Research output: Contribution to journalArticlepeer-review

5 Scopus citations

Abstract

Major histocompatibility complex (MHC) class I and MHC class II molecules present short peptides that are derived from endogenous and exogenous proteins, respectively, to cognate T-cell receptors (TCRs) on the surface of T cells.

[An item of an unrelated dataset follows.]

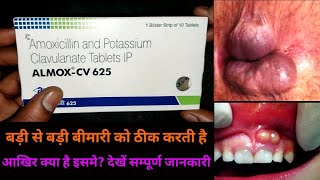 almox cv 625 tablets uses in hindi amoxycillin and potassium clavulanate tablets uses in hindi [upl. by Hardi]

The exquisite specificity with which T cells recognize particular peptide-major-histocompatibility-complex (pMHC) combinations has permitted development of soluble pMHC multimers that bind exclusively to selected T-cell populations. Because the pathogenesis of type 1 diabetes mellitus (T1DM) is driven largely by islet-reactive T-cell activity that causes β-cell death, these reagents are useful tools for studying and, potentially, for treating this disease. When coupled to fluorophores or paramagnetic nanoparticles, pMHC multimers have been used to visualize the expansion and islet invasion of T-cell effectors during diabetogenesis. Administration of pMHC multimers to mice has been shown to modulate T-cell responses by signaling through the TCR or by delivering a toxic moiety that deletes the targeted T cell. In the nonobese diabetic mouse model of T1DM, a pMHC-I tetramer coupled to a potent ribosome-inactivating toxin caused long-term elimination of a specific diabetogenic cluster of differentiation 8+ T-cell population from the pancreatic islets and delayed the onset of diabetes. This review will provide an overview of the development and use of pMHC multimers, particularly in T1DM, and describe the therapeutic promise these reagents have as an antigen-specific means of ameliorating deleterious T-cell responses in this autoimmune disease.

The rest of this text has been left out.